入浴だけで要介護のリスクが29%も軽減!? 毎日できる健康によい入浴法

健康・美容

公開日:2019/1/4

『最高の入浴法』(早坂信哉/大和書房)

 皆さんの入浴スタイルとはどのようなものだろうか? 光熱費の節約や時短からシャワー派もいるだろうし、寒い時期はひたすら熱い湯に浸かっている人もいるかもしれない。入浴時にできる健康法の1つとして入浴剤に凝っている人もいると思う。肌荒れ対策や冷え対策になる入浴剤も多く、確かにそれも良い健康法と言える。筆者の場合、健康的な入浴法として入浴剤に目が行きやすい。しかし、入浴時間や湯温が健康を左右するという内容に驚いたのが『最高の入浴法』(早坂信哉/大和書房)である。
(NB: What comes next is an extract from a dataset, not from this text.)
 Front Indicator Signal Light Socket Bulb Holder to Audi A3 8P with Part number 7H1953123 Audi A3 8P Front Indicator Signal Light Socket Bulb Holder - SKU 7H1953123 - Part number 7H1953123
 実際、湯に浸かる時間というのはあまり考えたことがない。浴室に時計はあっても「何分浸かる」という目安にしているわけではないし、湯温設定はそのときの気温で変えることがほとんどだ。体を温めることも考慮するが、いかに冷めにくい温度にするかを優先している。が、寒い時期や冷え性の人でも、湯温を上げればいいということではないらしい。冷え性改善で熱い湯に浸かる人も多いのではないかと思う。しかし、著者である早坂信哉氏によると、これは効果的とは言えないのだそうだ。

 早坂信哉氏は温泉療法専門医であり医学博士でもある。そんな著者が約20年の間およそ3万人を対象に調査した結果に基づいているのが本書だ。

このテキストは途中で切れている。